The new Fleet Barometer, powered by Sewells, tracks a range of key measures among fleet operators, including business confidence, expected trends, fleet strategy and satisfaction with suppliers.
Its latest findings indicate a growing level of confidence among fleet operators when it comes to the future of their businesses, with nearly 70% of fleets rating the outlook for their businesses at 7/10 or higher.
The fleet confidence index, currently 8.2 out of a possible 10, will track changes in confidence levels every six months as the difficult economic recovery continues.
Public sector fleets tend to be more confident, with an index score of 8.3, potentially because of the relative certainty that Government funding provides, although private sector fleets are close behind with a score of 8.1.
This reflects broader industry studies that have revealed confidence among UK businesses is continuing to improve, despite slow growth in the economy.
A recent quarterly Business Confidence Monitor, released by a professional body for accountants, has revealed that confidence is at its highest level since 2010, with forecasts of stronger economic growth in the second quarter of 2013.
Official estimates suggest the economy grew by 0.3% in the first three months of the year, with analysts suggesting growth could be 0.6% in the second quarter.
However, one expert warned: "We should not be complacent though. There is still a degree of fragility and the economy is susceptible to knock-backs from events outside the UK."
Despite this uncertainty, fleets indicate that they are preparing to spend in 2013, following years of delayed replacement and budget restrictions.

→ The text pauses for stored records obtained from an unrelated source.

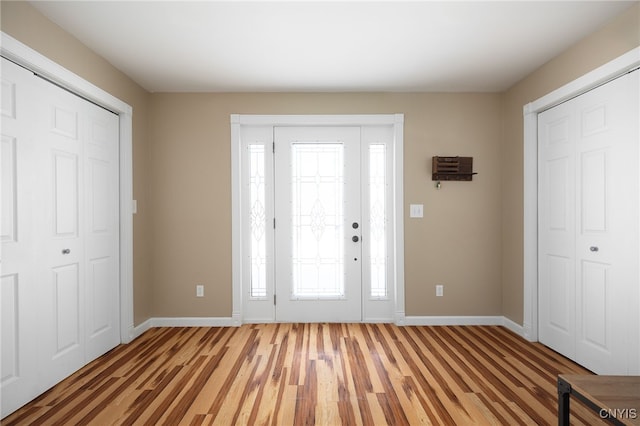 foyer featuring light wood-style flooring and baseboards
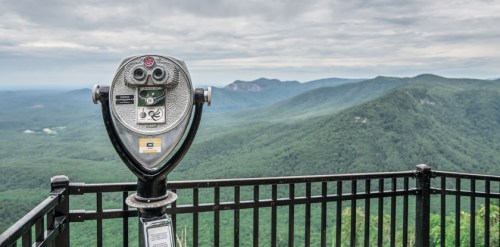 A scenic view of mountains from a lookout point, featuring a coin-operated binocular viewer in the foreground.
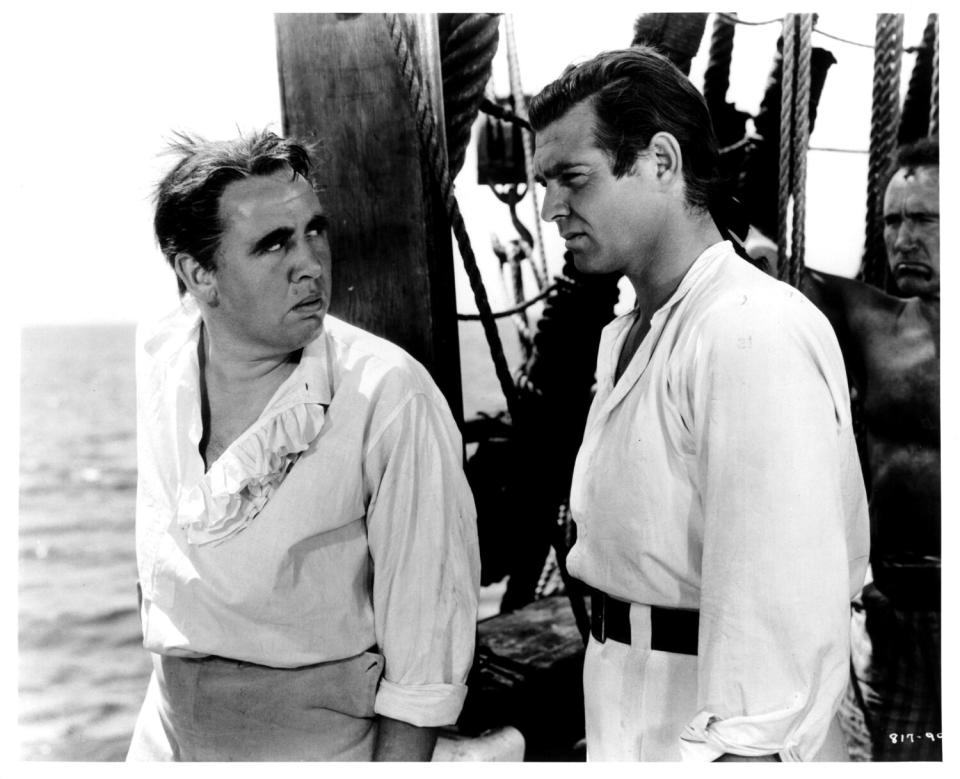 Charles Laughton, left, and Clark Gable standing on deck in "Mutiny on the Bounty" (1935)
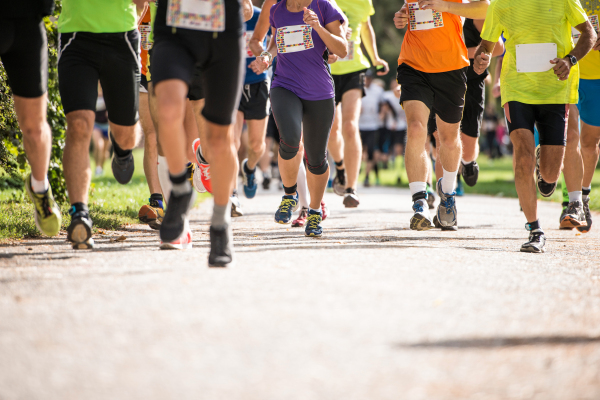 Group of unrecognizable runners sprinting outdoors. Sportive people training in a urban area, healthy lifestyle and sport concepts.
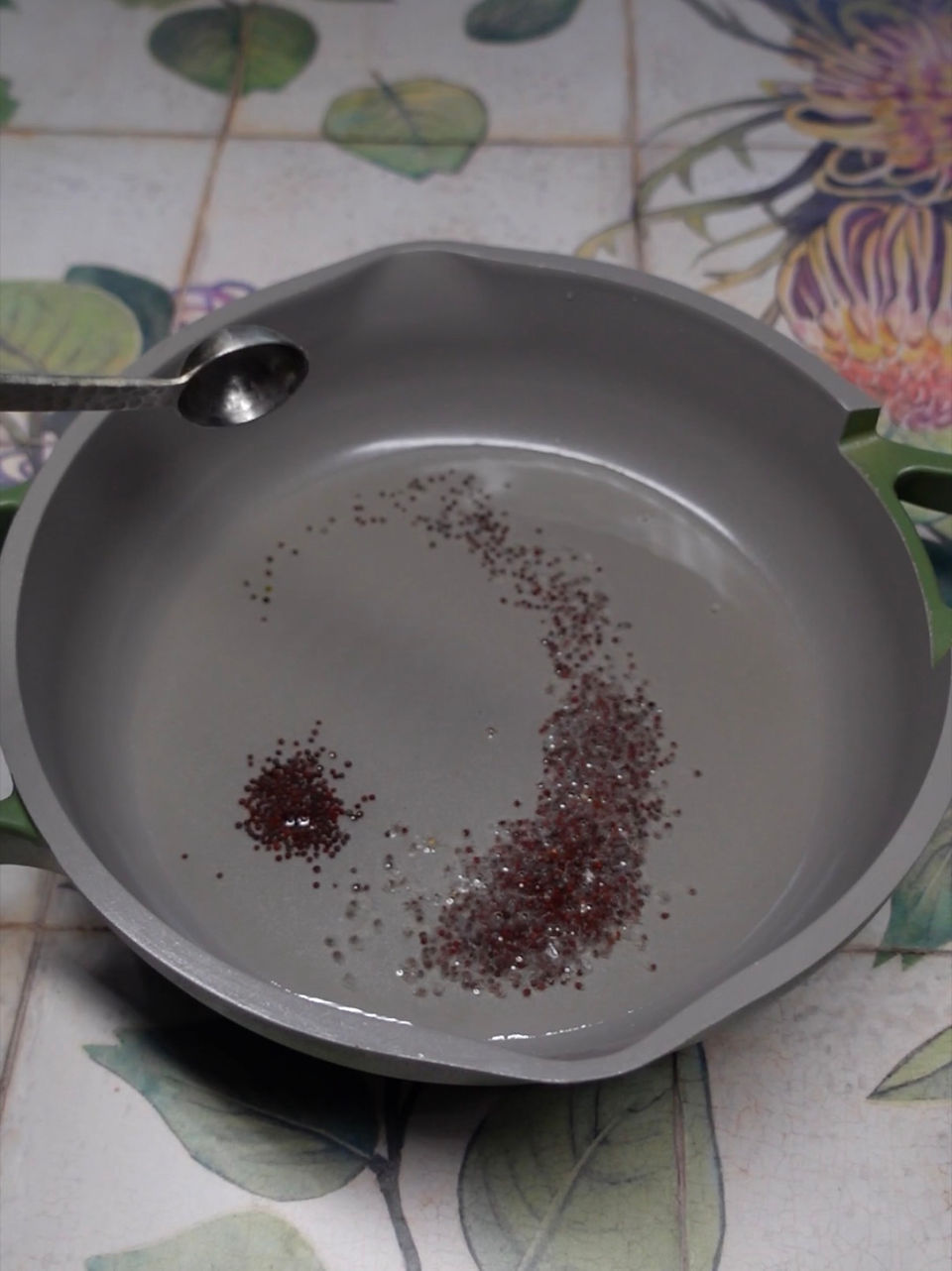 adding mustards seeds for a vaghar for tameta nu shaak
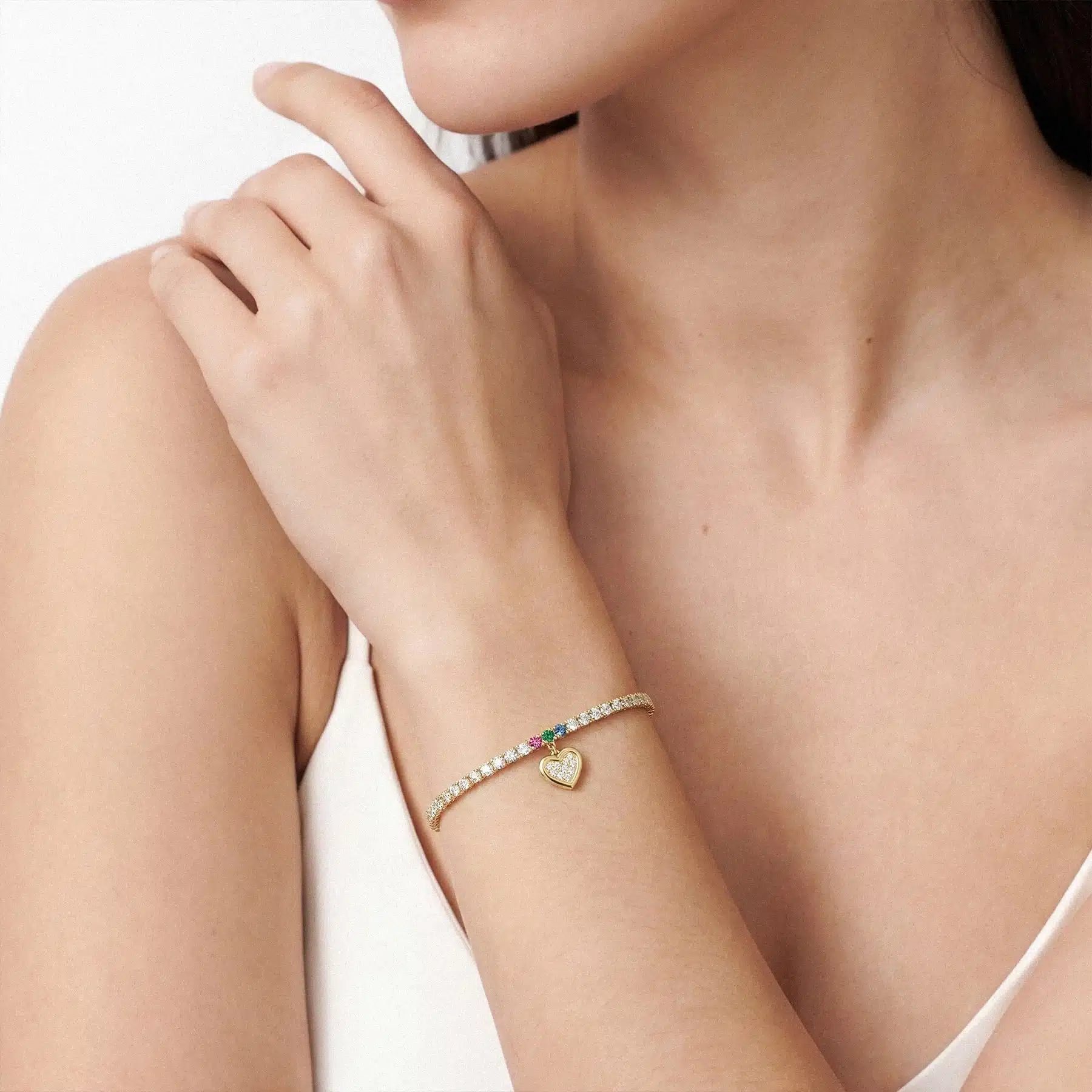 14K yellow gold lab grown diamond tennis bracelets under $3000 featuring a pavé heart charm and a ruby, emerald, and sapphire set clasp.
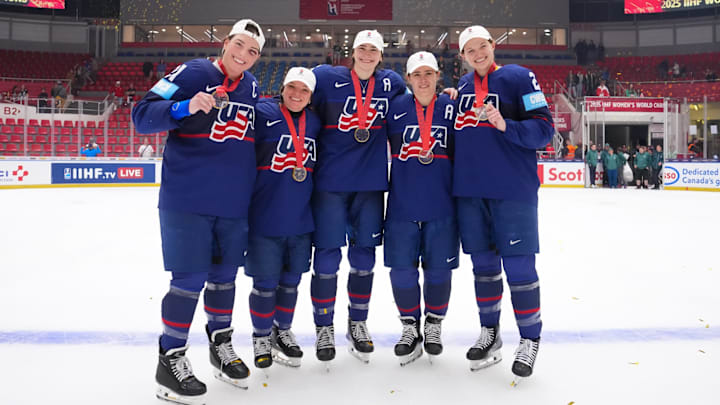 Former Eagles Cayla Barnes, Megan Keller, and Alex Carpenter (middle three) are joined by Hilary Knight (left) and Lee Stecklein (right) after Team USA wins 2025 IIFH Women's  World Championship.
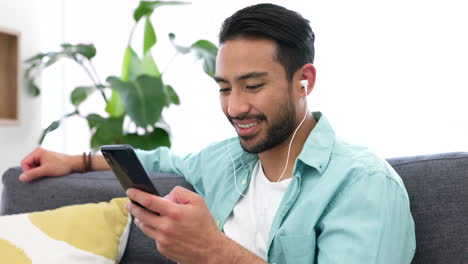 Man,-social-media-and-phone-with-earphones-at-home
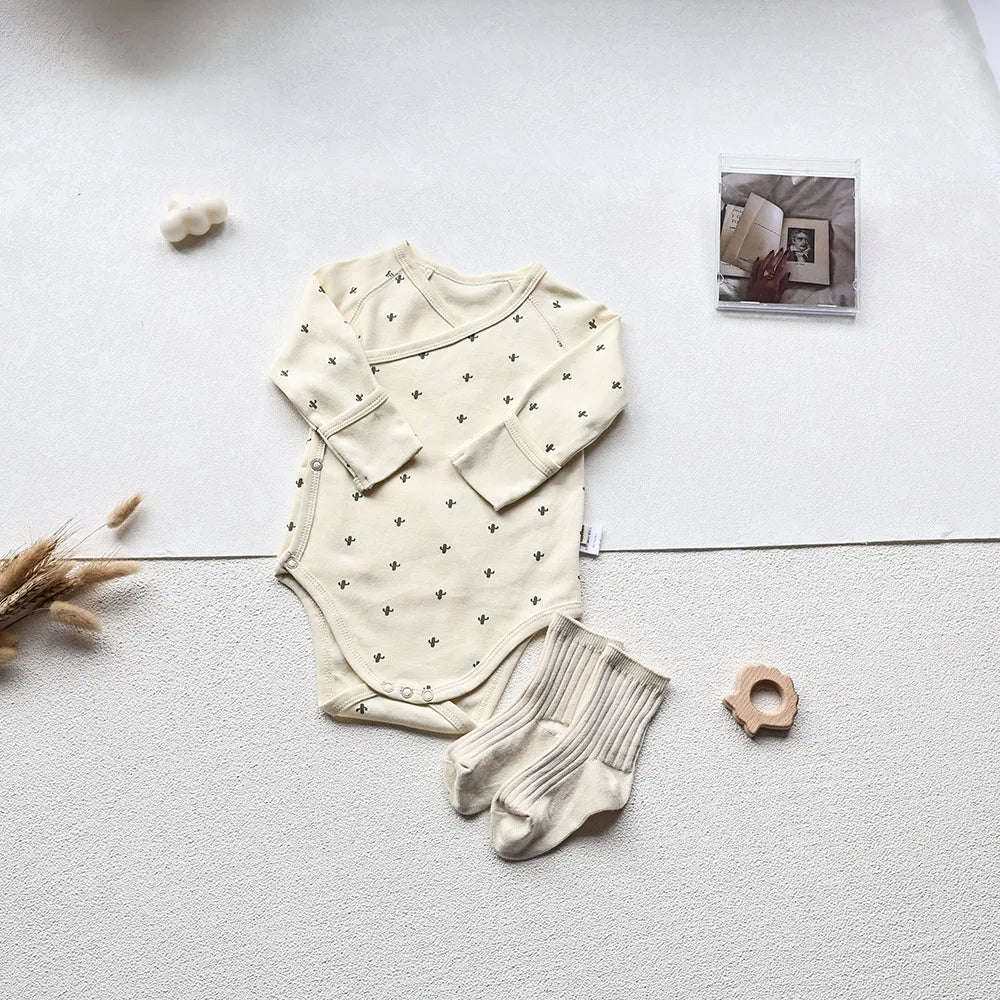 Cactus Printed White long sleeve baby bodysuit with white socks in an aesthetic light gray background
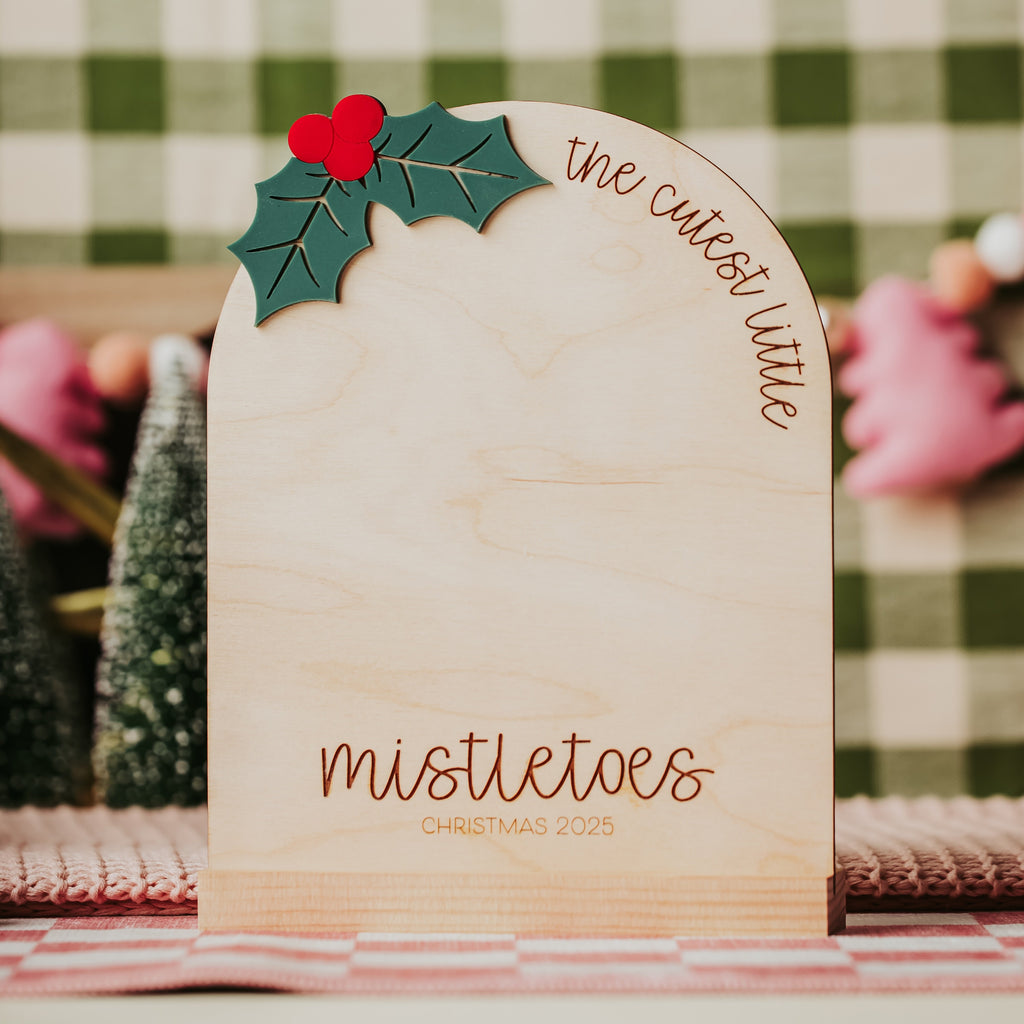 A personalized wooden Christmas table sign with an arched top, featuring a green holly leaf and red heart decoration at the top left. The sign is engraved with 'the cutest little mistletoes' on the upper right and 'mistletoes CHRISTMAS 2025' on the lower front.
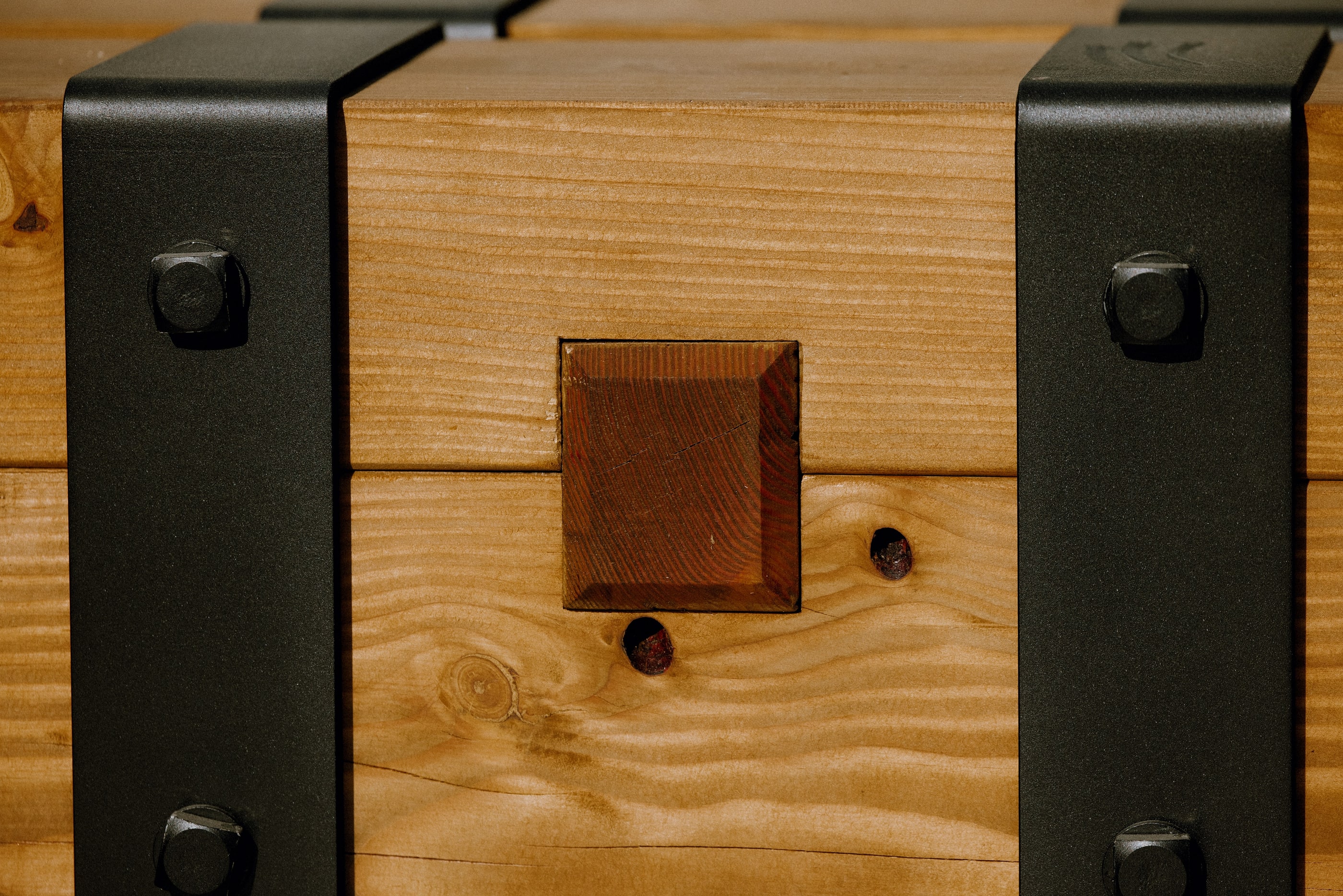 A mortise and bolt between two steel strap brackets, close detail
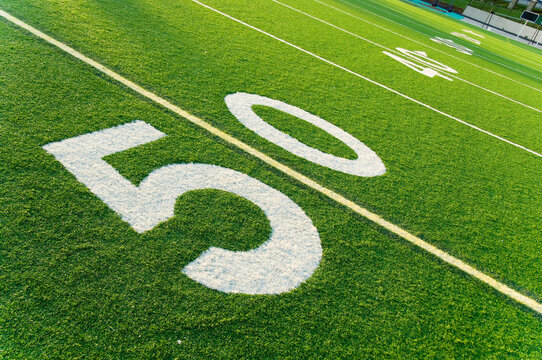 Closeup of 50 yard line on American football field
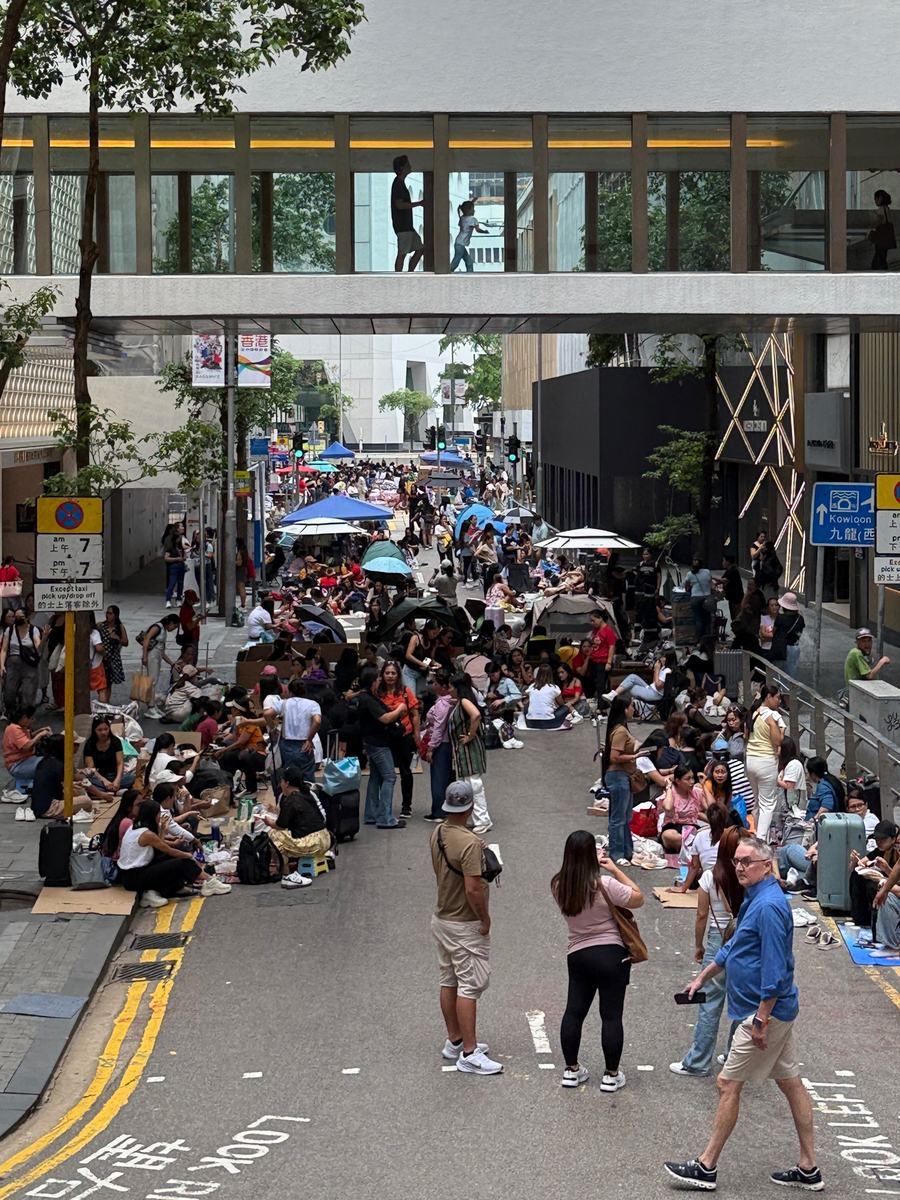 Hundreds of people gathered on a closed street in Central, Hong Kong on a Sunday, sitting on flattened cardboard under umbrellas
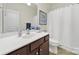 Bathroom with a white countertop vanity, wooden cabinets, and neutral wall paint at 54053 Flycatchers Ct, Fort Mill, SC 29707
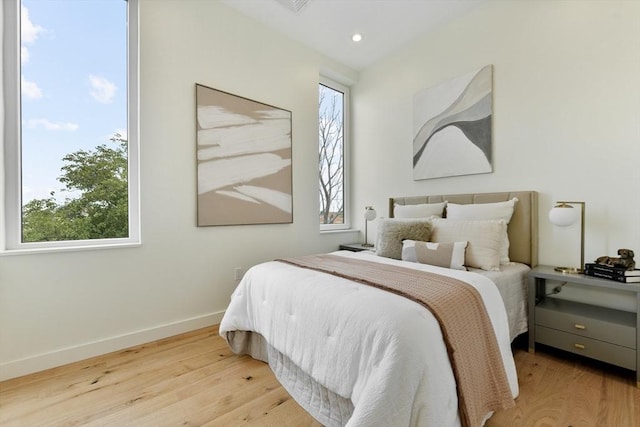 bedroom with light hardwood / wood-style floors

Effective cost management will still be an essential element of the ordering process, but companies say that money will be flowing more freely towards suppliers this year.
Overall, 35% of companies say that demand for vehicles will increase during the next six months compared to the same period last year compared to 15% who expect decline. The decline is driven mainly by fleets in the public sector.
Among 100-plus fleets in the private sector, 42% expect growth and 8% decline, but in the public sector, a quarter of larger fleets say demand for vehicles will decrease year-on-year.
Where growth is expected, all fleets have realistic expectations of potentially increased costs, with 41% of respondents overall predicting an increase.
One-third of public sector fleets say they are expecting costs to decrease year-on-year, mainly driven by their reduced vehicle numbers.
Suppliers promise to be one of the potential drivers of savings, according to the Fleet Barometer.
Overall, 14% of companies say they expect to reduce their fleet choice list in the next six months.
This is driven mainly by large, private sector fleets. Among private sector fleets that operate 100 vehicles-plus, more than one quarter say they expect said they expect their choice list to decrease in the next six months.
Among van fleets, the Barometer indicates that choice lists will remain static.
A spokesman for Sewells said: “While fleets are preparing to spend more heavily in 2013 to reflect improving business circumstances, the internal pressures on cost remain and this is likely to continue driving strategy when sourcing suppliers for the months and years to come.”